They are much more similar to fortified, elevated messengers than actual ambassadors, and as such are more likely to be switched out if they're not achieving results. And, as with all of them, expect a large amount of servants or slaves to look after them.

*TL;DR version:* foreign diplomats are there either to strengthen alliances between nations and report back any relevant information to their monarchs if they're in permanent residence, or are there to try to avert war or beg for favours if the nations are not quite so friendly with each other. The latter leave and return home after the resolution of their assignment, assuming they survive or are not imprisoned.

I don't have any references, unfortunately, but hopefully this helps out somewhat.


----------



## skip.knox (Nov 25, 2014)

The classic work on the topic, for Europe anyway, is Donald Queller's "The Office of the Ambassador in the Middle Ages". Which turned out to be more interesting than it sounds. The other is Garrett Mattingly's "Renaissance Diplomacy".

But before the actual office, with the mutuality and privileges that attend to the modern office, there were representatives of various kinds. Queller covers these, but they include things like a legate. The chief distinction is that these fellows were sent to a specific court for a specific purpose, for example to negotiate a marriage or a treaty. Once the job was done, the fellow went home again. 

So, if your plot calls for some sort of thing like a treaty, then there's your reason for your diplomat (so named, btw, because he carried with him a letter, a diploma, that stated precisely what he was authorized to negotiate).

One of the pioneers in this field was Venice. Their diplomats not only wrote letters (in code, no less) back home, when they finished their job and returned to the city, they had to give a formal report before the Senate. It was regarded as an opportunity for a fellow to show off his rhetorical skills.

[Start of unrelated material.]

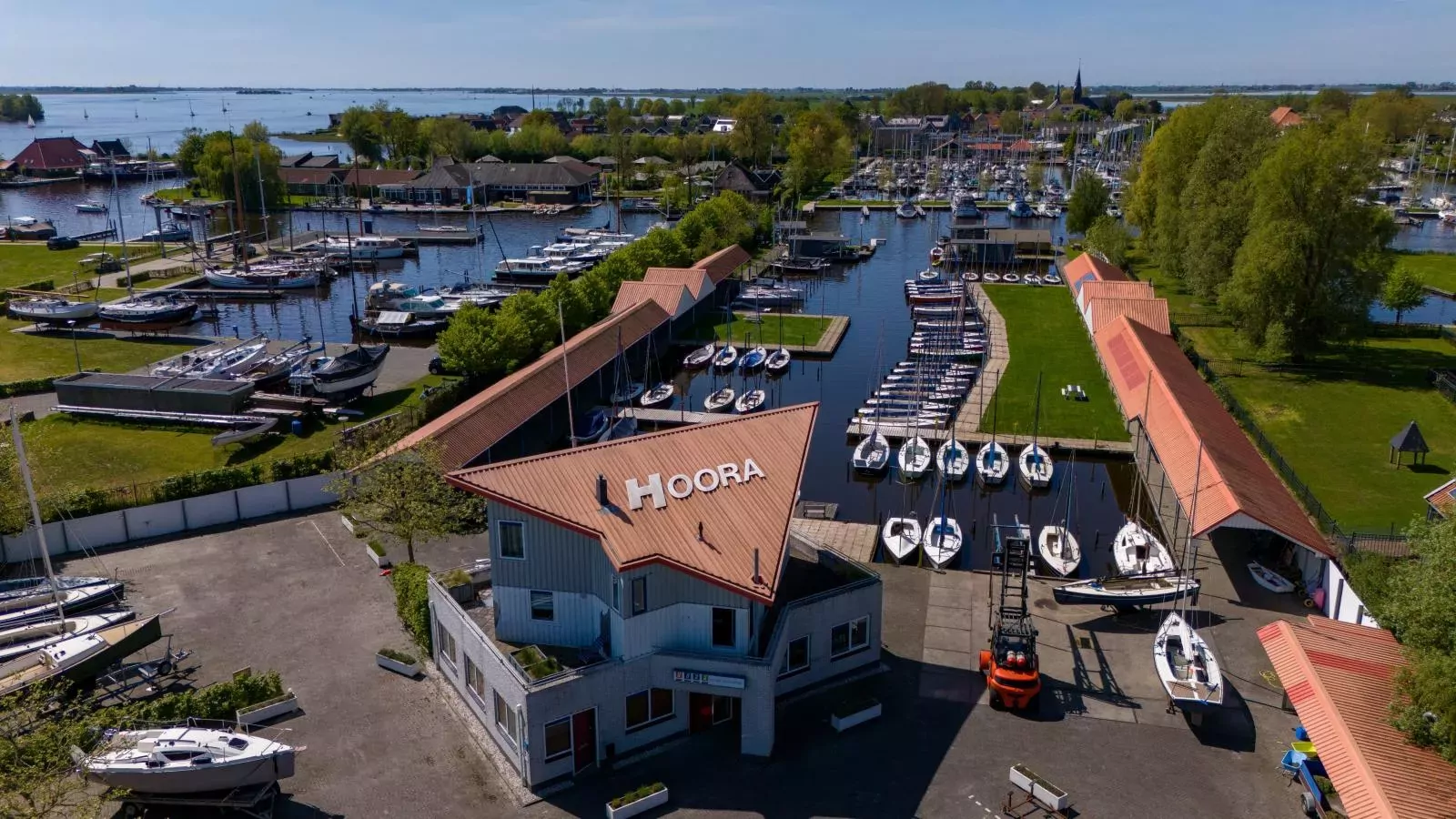 Floating in Heeg-Buitenkant zomer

Don't know if any of that helps, but there it is. Also, not because it's relevant but because it's just sort of cool, I studied under Vince Ilardi, who was an authority on Milanese diplomacy in the Renaissance. He had file drawers full of (copies of) diplomatic documents. There's nothing quite like trying to read a 16th century document written by hand, in the Lombard dialect, and in code! I didn't so much read as ogled.


----------